[Opening MATERIAL FOR THIS TASK section]
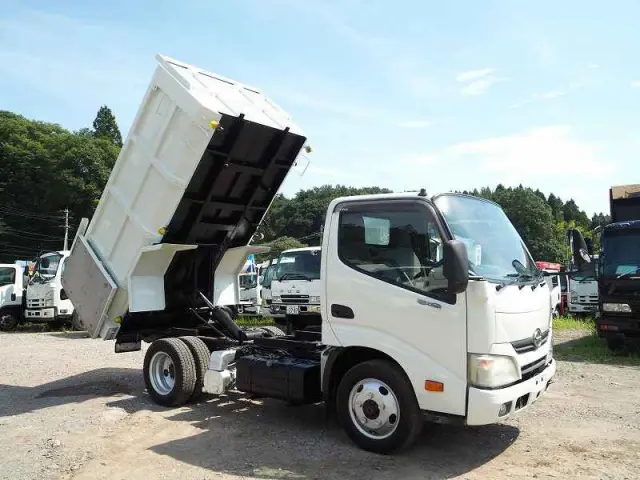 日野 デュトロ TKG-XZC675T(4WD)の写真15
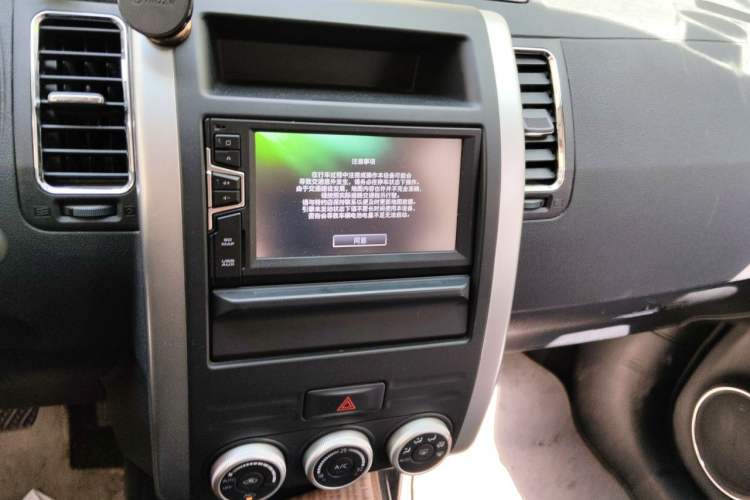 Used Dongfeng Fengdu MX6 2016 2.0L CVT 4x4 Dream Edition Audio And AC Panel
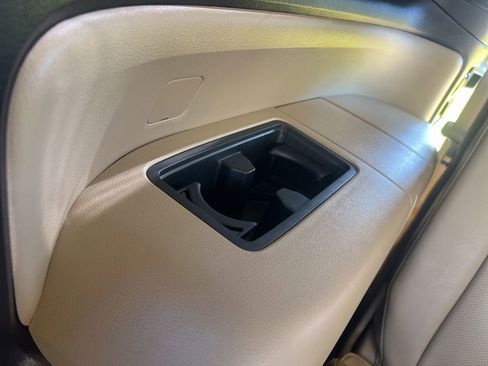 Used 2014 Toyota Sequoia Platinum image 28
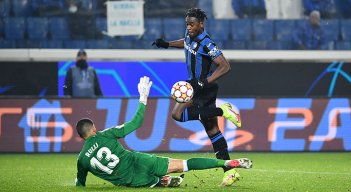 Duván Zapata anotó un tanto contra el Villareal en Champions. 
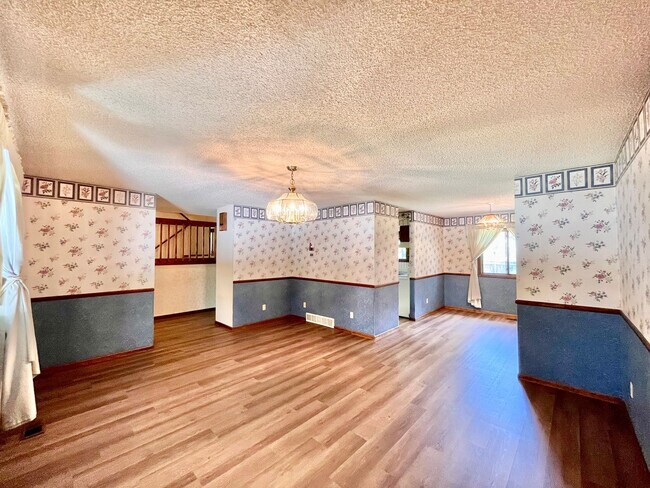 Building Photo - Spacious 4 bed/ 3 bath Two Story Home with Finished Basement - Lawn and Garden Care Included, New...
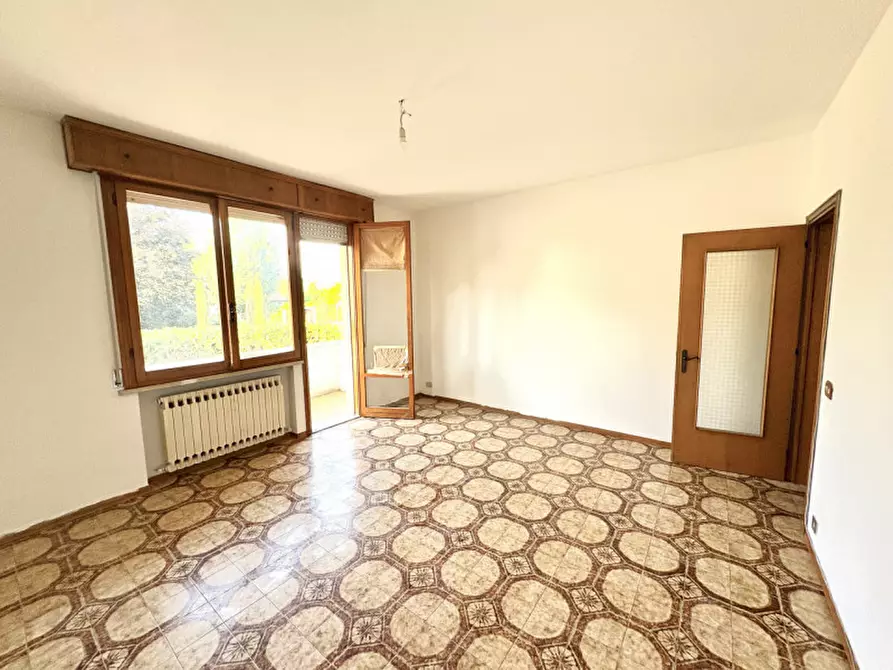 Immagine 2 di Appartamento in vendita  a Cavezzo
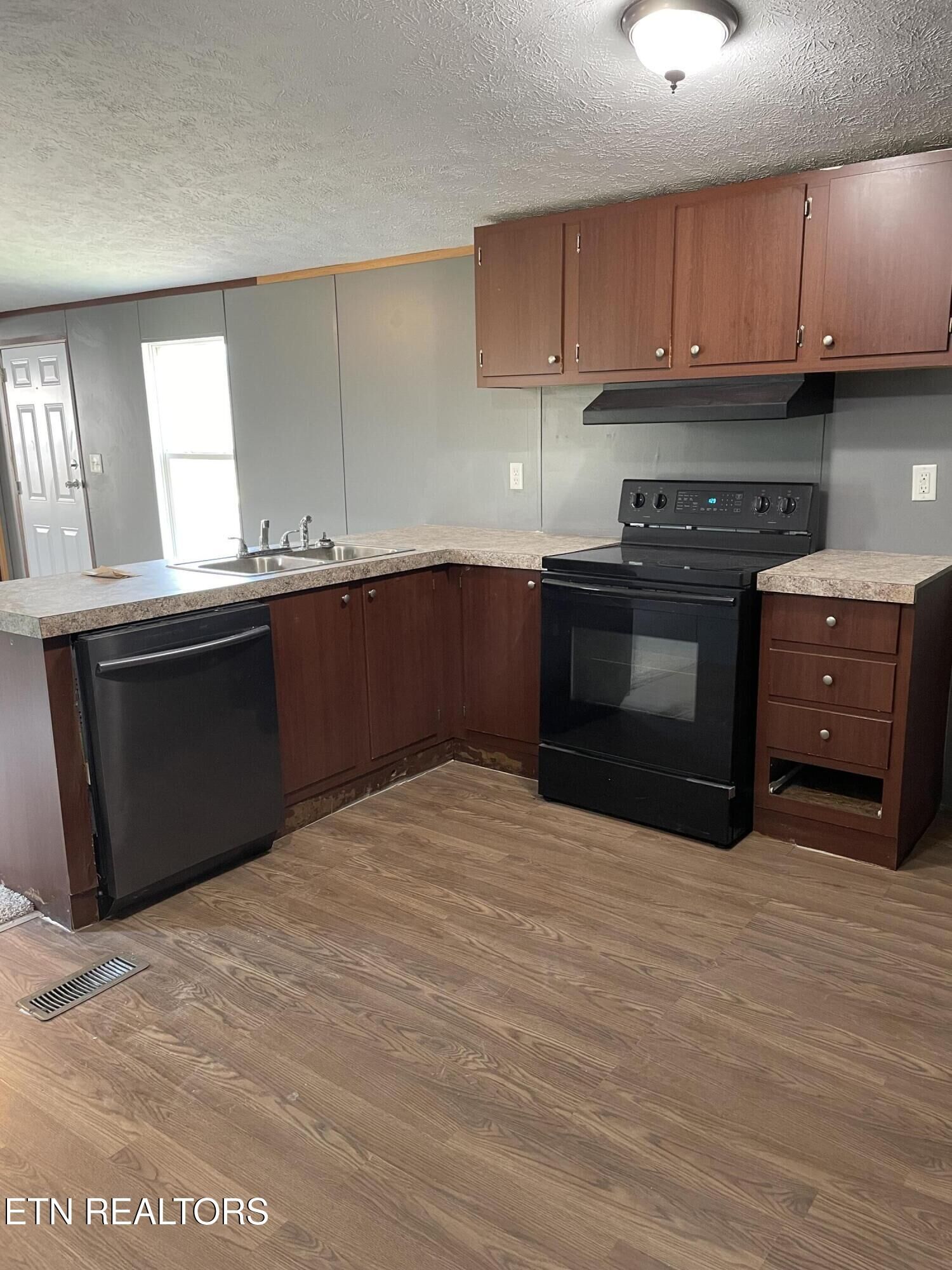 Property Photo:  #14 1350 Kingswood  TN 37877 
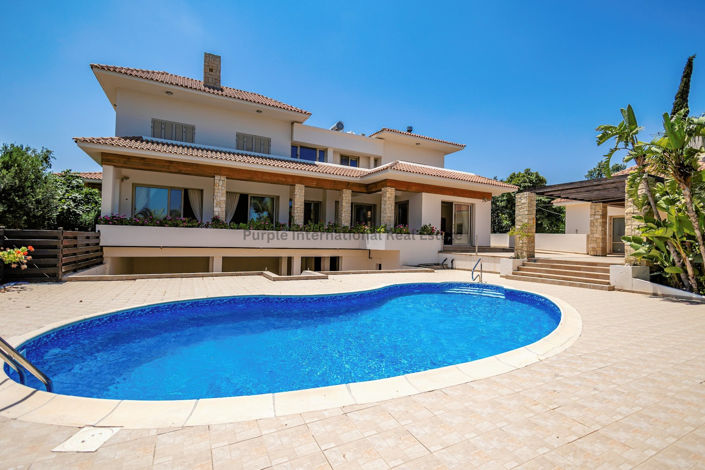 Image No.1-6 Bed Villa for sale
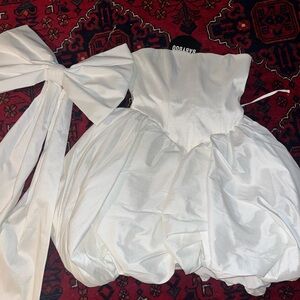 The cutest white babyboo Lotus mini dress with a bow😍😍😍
[Closing MATERIAL FOR THIS TASK section]
[Opening MATERIAL FOR THIS TASK section]
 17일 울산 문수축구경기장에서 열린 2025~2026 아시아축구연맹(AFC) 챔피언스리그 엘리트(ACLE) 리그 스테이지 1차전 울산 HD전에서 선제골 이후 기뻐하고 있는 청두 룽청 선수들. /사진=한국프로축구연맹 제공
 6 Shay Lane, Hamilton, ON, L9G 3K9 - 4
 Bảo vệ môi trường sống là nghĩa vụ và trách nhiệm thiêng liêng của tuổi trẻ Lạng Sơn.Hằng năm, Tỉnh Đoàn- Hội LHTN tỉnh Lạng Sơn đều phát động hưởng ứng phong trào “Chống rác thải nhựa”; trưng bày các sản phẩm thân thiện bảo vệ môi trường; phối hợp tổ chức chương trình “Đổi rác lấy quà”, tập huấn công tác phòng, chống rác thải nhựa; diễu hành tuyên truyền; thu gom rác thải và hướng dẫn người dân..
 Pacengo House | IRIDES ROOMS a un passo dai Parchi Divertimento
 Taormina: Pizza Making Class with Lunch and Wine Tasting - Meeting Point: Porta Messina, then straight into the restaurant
[Closing MATERIAL FOR THIS TASK section]
[Opening MATERIAL FOR THIS TASK section]
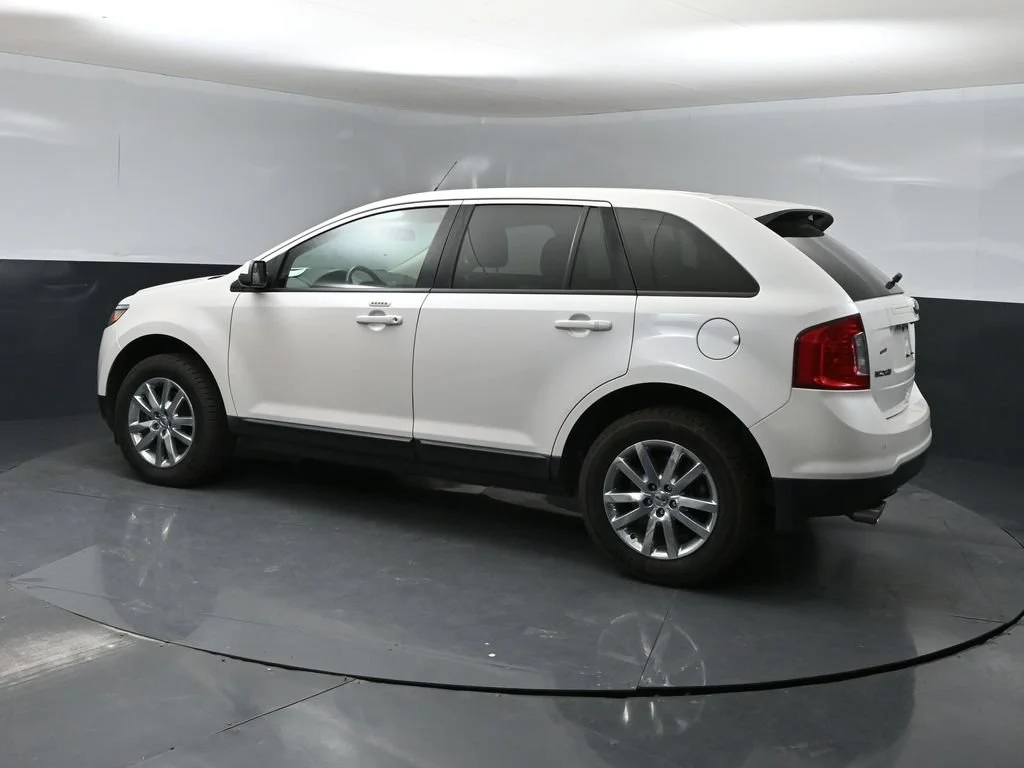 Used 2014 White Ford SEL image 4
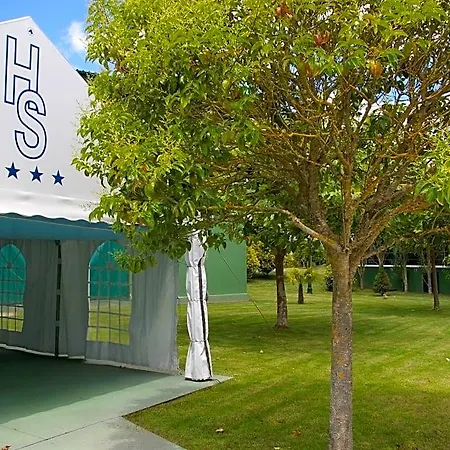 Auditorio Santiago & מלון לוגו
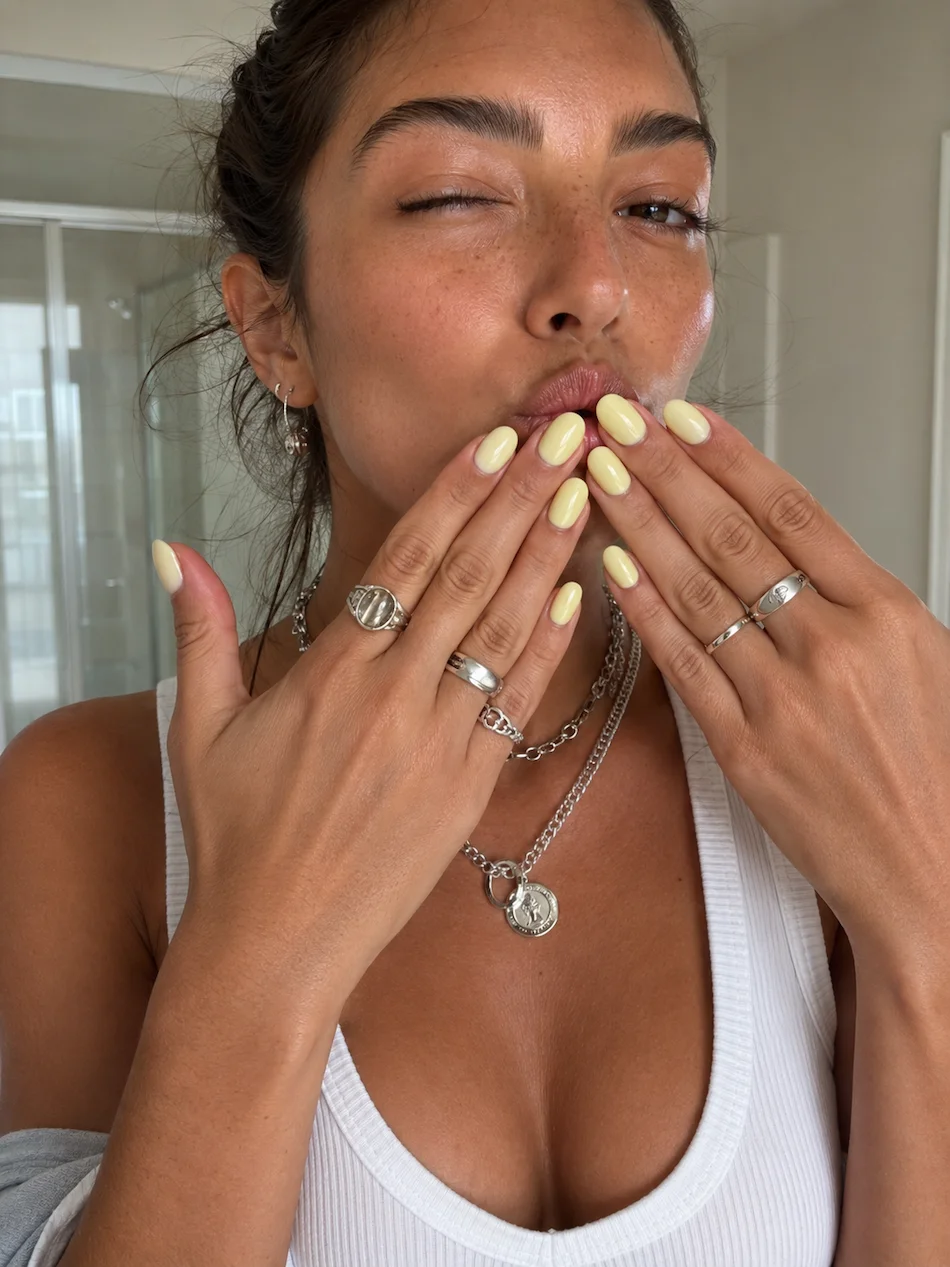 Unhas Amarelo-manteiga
[Closing MATERIAL FOR THIS TASK section]
> **WHAT IS REQUIRED**
Above are the records; copy from them only the lines starting at the one containing "日野 デュトロ TKG-XZC675T(4WD)の写真15" and ending at the one containing "Image No.1-6 Bed Villa for sale", exactly and without pictures.

> **ANSWER BELOW**
 日野 デュトロ TKG-XZC675T(4WD)の写真15
 Used Dongfeng Fengdu MX6 2016 2.0L CVT 4x4 Dream Edition Audio And AC Panel
 Used 2014 Toyota Sequoia Platinum image 28
 Duván Zapata anotó un tanto contra el Villareal en Champions. 
 Building Photo - Spacious 4 bed/ 3 bath Two Story Home with Finished Basement - Lawn and Garden Care Included, New...
 Immagine 2 di Appartamento in vendita  a Cavezzo
 Property Photo:  #14 1350 Kingswood  TN 37877 
 Image No.1-6 Bed Villa for sale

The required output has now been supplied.